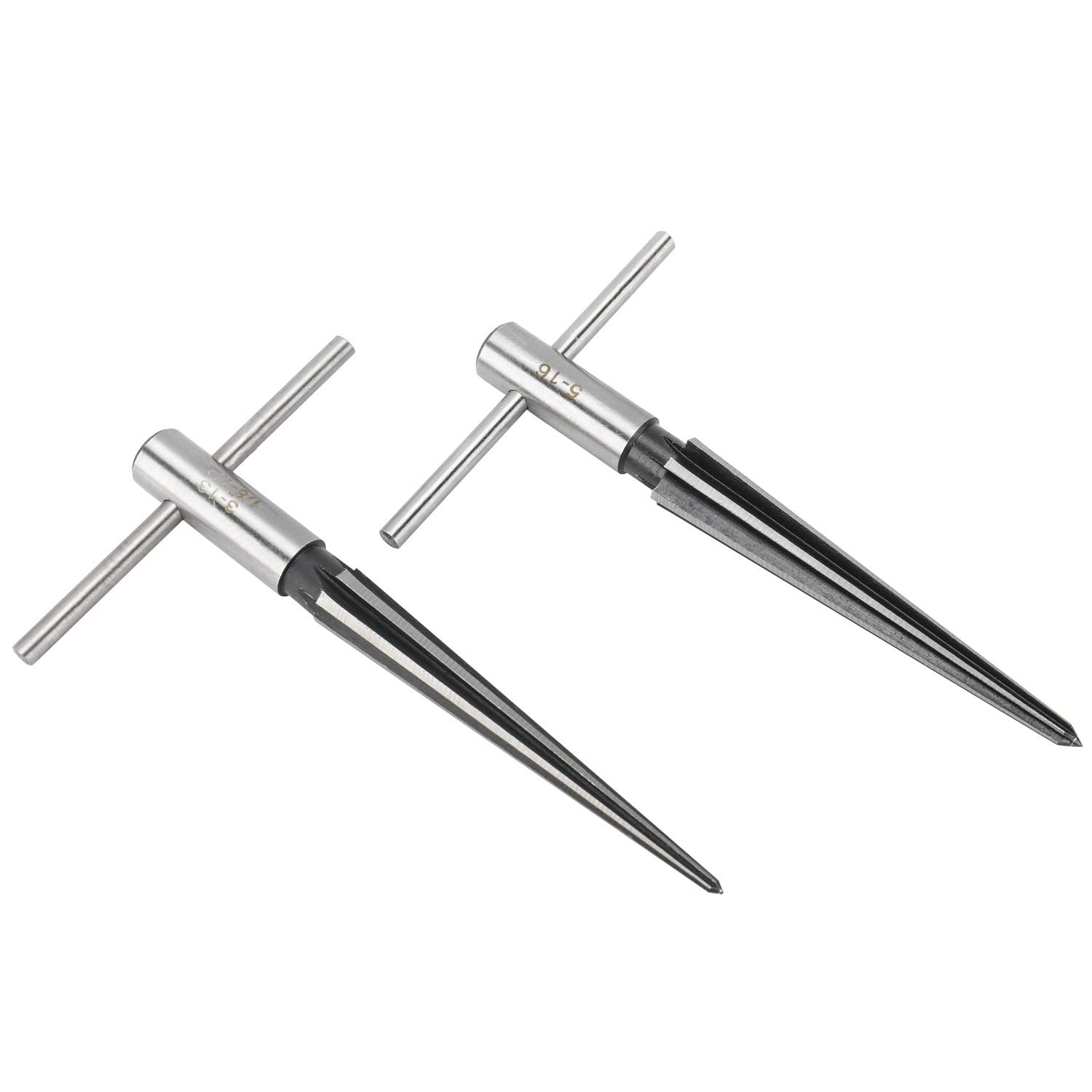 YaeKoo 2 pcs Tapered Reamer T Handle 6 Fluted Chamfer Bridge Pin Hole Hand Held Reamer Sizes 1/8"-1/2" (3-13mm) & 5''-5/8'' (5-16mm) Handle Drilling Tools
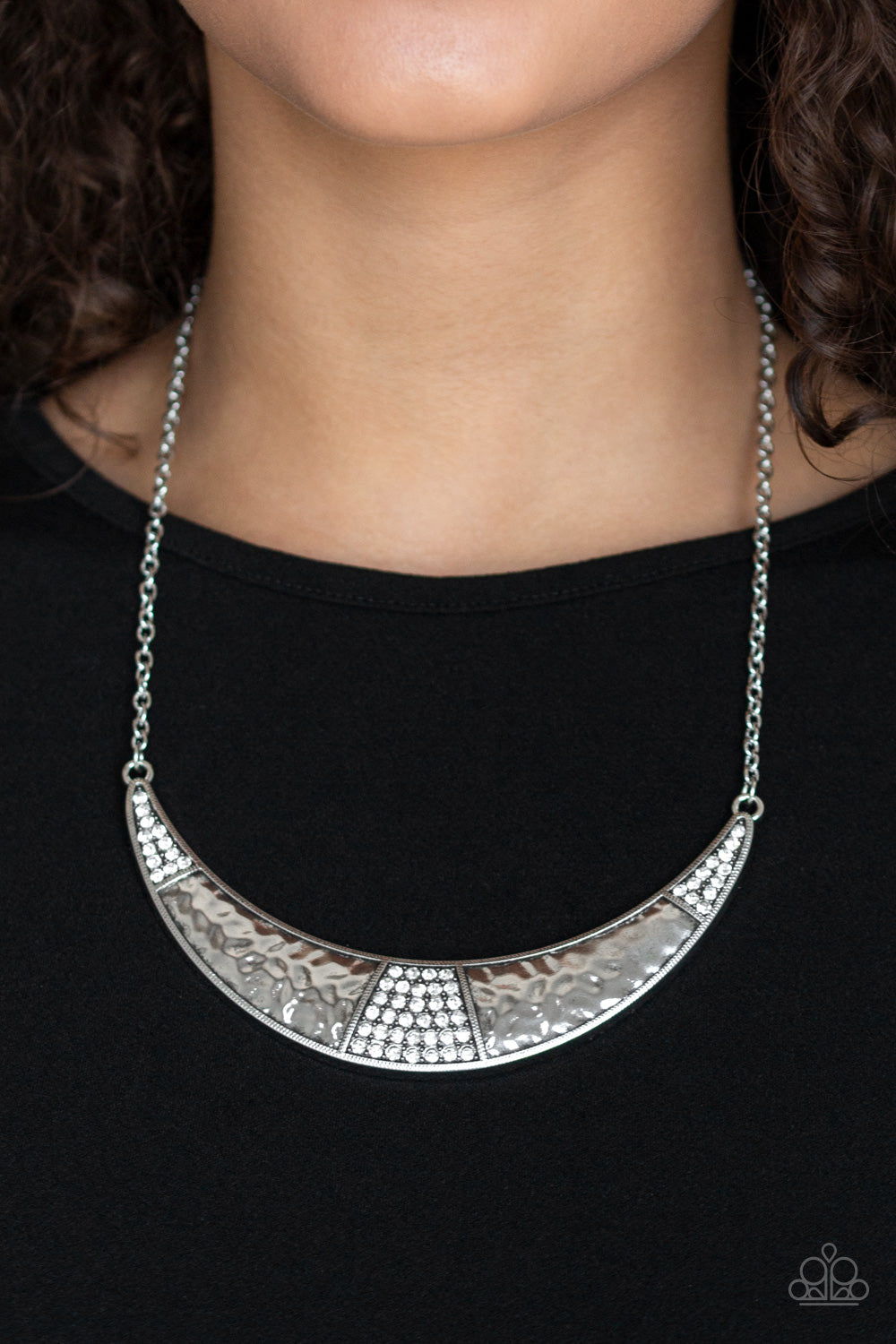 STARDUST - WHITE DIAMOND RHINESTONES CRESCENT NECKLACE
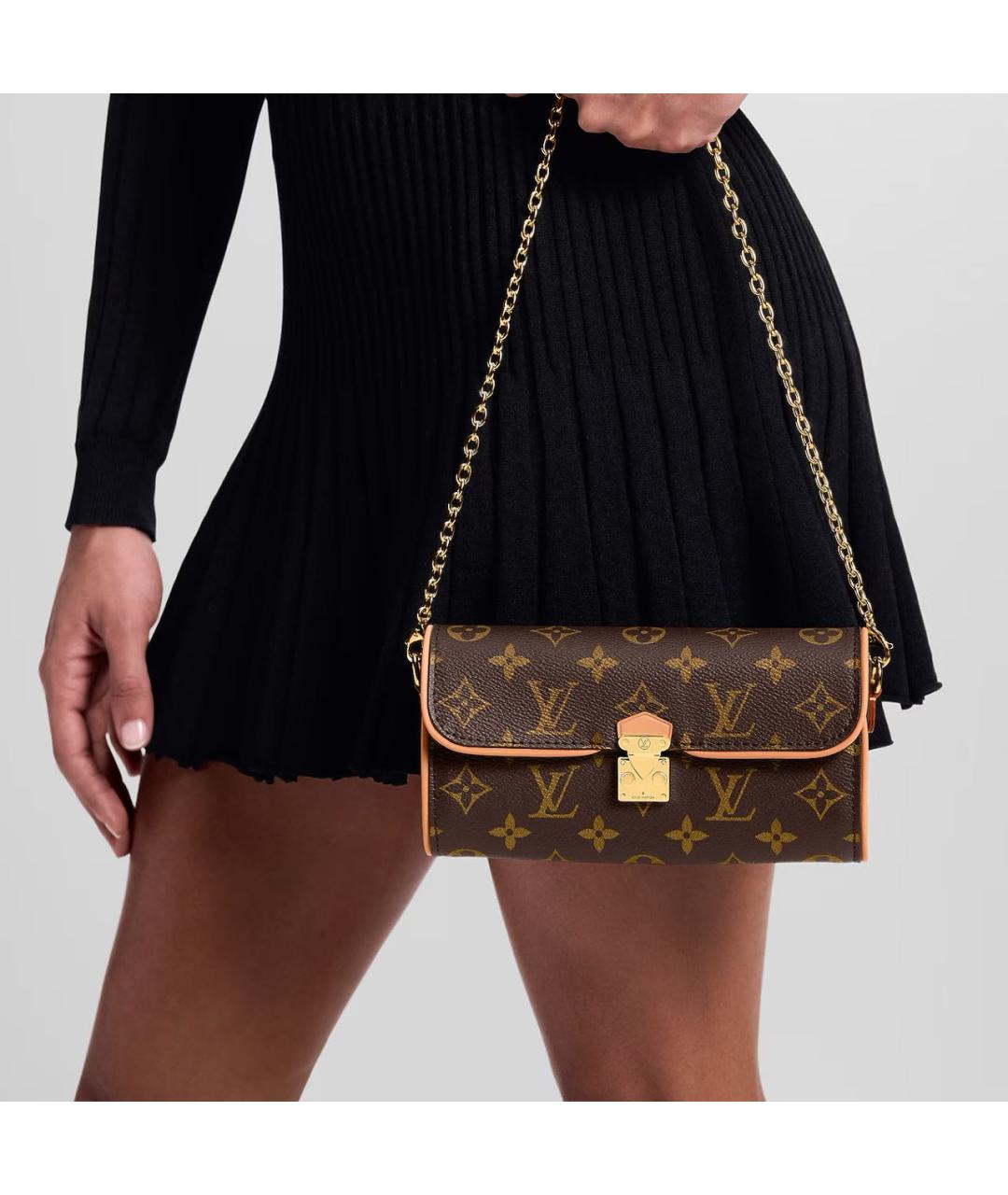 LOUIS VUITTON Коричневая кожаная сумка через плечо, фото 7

##########

- Exercise instructions -
Copy out the lines above in full and unaltered, apart from the pictures.

- Solved exercise -
 YaeKoo 2 pcs Tapered Reamer T Handle 6 Fluted Chamfer Bridge Pin Hole Hand Held Reamer Sizes 1/8"-1/2" (3-13mm) & 5''-5/8'' (5-16mm) Handle Drilling Tools
 STARDUST - WHITE DIAMOND RHINESTONES CRESCENT NECKLACE
 LOUIS VUITTON Коричневая кожаная сумка через плечо, фото 7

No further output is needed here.